# Problem statement:
Everything from the first line below through the line with "Middle age man" is to be transcribed exactly, and nothing past it.

*** Block opens ***

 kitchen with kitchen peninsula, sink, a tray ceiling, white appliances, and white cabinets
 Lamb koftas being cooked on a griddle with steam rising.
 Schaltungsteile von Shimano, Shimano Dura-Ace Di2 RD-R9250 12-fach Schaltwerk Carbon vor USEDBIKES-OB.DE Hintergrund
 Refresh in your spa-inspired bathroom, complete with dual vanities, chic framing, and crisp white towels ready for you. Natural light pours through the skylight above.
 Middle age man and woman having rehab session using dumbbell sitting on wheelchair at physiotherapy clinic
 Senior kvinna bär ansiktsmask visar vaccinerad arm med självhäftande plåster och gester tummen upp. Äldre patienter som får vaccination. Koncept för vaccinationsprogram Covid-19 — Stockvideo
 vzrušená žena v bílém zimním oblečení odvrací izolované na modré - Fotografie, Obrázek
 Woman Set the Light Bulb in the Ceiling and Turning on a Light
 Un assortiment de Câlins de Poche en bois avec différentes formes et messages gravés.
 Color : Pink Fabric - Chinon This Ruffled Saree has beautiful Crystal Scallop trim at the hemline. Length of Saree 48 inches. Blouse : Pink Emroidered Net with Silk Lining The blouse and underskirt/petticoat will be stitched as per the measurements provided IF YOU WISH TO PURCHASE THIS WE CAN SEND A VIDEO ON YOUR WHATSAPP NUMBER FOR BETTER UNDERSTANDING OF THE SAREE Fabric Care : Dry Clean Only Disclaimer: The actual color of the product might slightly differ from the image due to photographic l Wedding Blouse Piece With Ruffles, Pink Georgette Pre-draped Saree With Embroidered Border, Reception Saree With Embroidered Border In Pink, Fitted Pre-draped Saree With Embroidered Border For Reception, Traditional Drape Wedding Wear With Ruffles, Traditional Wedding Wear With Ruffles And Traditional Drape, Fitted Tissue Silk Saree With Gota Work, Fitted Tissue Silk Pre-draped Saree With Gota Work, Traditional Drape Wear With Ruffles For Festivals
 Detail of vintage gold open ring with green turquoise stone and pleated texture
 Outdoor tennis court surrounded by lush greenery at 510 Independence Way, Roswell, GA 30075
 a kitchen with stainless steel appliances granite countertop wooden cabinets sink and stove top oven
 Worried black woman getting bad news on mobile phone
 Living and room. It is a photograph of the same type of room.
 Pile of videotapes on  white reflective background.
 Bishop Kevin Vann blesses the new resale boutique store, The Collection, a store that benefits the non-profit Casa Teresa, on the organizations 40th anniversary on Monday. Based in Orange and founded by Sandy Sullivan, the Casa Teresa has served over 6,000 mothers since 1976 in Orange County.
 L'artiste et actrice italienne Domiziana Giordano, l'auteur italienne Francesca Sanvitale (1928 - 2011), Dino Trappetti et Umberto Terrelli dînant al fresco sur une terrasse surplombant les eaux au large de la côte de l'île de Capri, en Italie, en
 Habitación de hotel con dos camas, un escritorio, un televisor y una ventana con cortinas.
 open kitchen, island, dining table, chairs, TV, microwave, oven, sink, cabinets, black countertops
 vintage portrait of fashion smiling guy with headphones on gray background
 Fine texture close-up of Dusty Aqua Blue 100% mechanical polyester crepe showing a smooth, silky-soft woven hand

*** Block closes ***

# Answer section:
 kitchen with kitchen peninsula, sink, a tray ceiling, white appliances, and white cabinets
 Lamb koftas being cooked on a griddle with steam rising.
 Schaltungsteile von Shimano, Shimano Dura-Ace Di2 RD-R9250 12-fach Schaltwerk Carbon vor USEDBIKES-OB.DE Hintergrund
 Refresh in your spa-inspired bathroom, complete with dual vanities, chic framing, and crisp white towels ready for you. Natural light pours through the skylight above.
 Middle age man and woman having rehab session using dumbbell sitting on wheelchair at physiotherapy clinic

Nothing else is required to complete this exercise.